*Work item:*
Your output should match the listing below word for word, without any images.

*Extracted entries:*
_ _ _ _ _ _ _
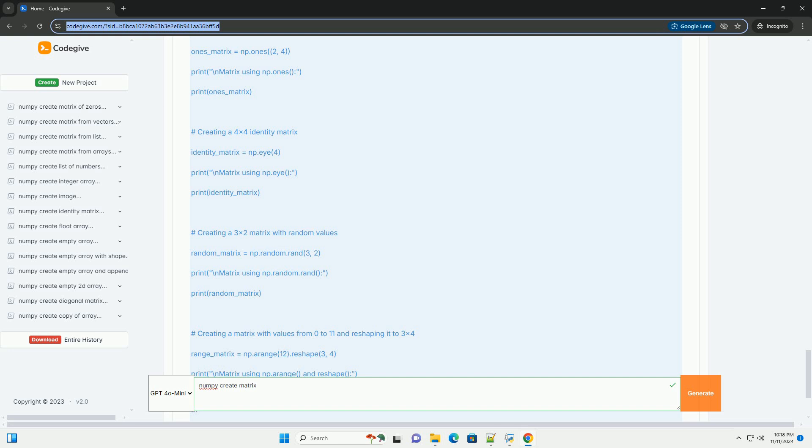Five, using np.random.rand: You can create a matrix with random values using the np.random.rand function. This creates a matrix with values uniformly distributed between 0 and 1.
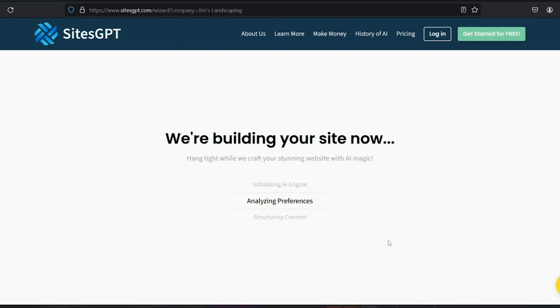Now, just wait as artificial intelligence builds your website right before your eyes. It's incredible. So from there, you get directed to the site editor.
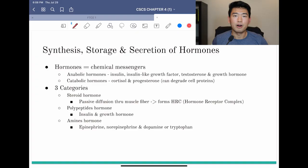What's up guys? Welcome back to another CSCS study session. Today we're going to take a look at chapter 4 of Essentials of Strength Training and Conditioning — a book written by NSCA that we use to study for CSCS. Chapter 4 is all about endocrine response to resistance exercise, so let's dive right in.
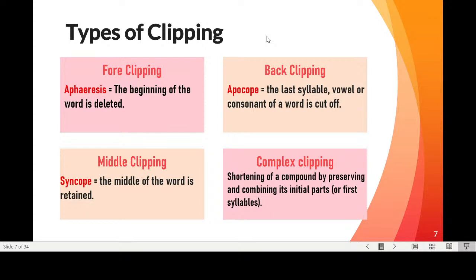In middle clipping, especially in English, I found two groups of words. In one group, the middle part of the word is retained and the first and last parts are deleted. Or the middle part is deleted and the first part and the last consonant, like the S, are combined. In complex clipping, we have compounds — two words used together — where the first word is shortened, or the second element is shortened, or both words are clipped and reduced.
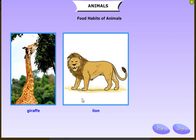Some carnivore animals are lion, tiger, cheetah, leopard, wolf, and eagle. Carnivores mostly feed on herbivore animals. Herbivores depend on plants, so carnivores indirectly depend on plants as well.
_ _ _ _ _ _ _
*Response:*
Five, using np.random.rand: You can create a matrix with random values using the np.random.rand function. This creates a matrix with values uniformly distributed between 0 and 1.
Now, just wait as artificial intelligence builds your website right before your eyes. It's incredible. So from there, you get directed to the site editor.
What's up guys? Welcome back to another CSCS study session. Today we're going to take a look at chapter 4 of Essentials of Strength Training and Conditioning — a book written by NSCA that we use to study for CSCS. Chapter 4 is all about endocrine response to resistance exercise, so let's dive right in.
In middle clipping, especially in English, I found two groups of words. In one group, the middle part of the word is retained and the first and last parts are deleted. Or the middle part is deleted and the first part and the last consonant, like the S, are combined. In complex clipping, we have compounds — two words used together — where the first word is shortened, or the second element is shortened, or both words are clipped and reduced.
Some carnivore animals are lion, tiger, cheetah, leopard, wolf, and eagle. Carnivores mostly feed on herbivore animals. Herbivores depend on plants, so carnivores indirectly depend on plants as well.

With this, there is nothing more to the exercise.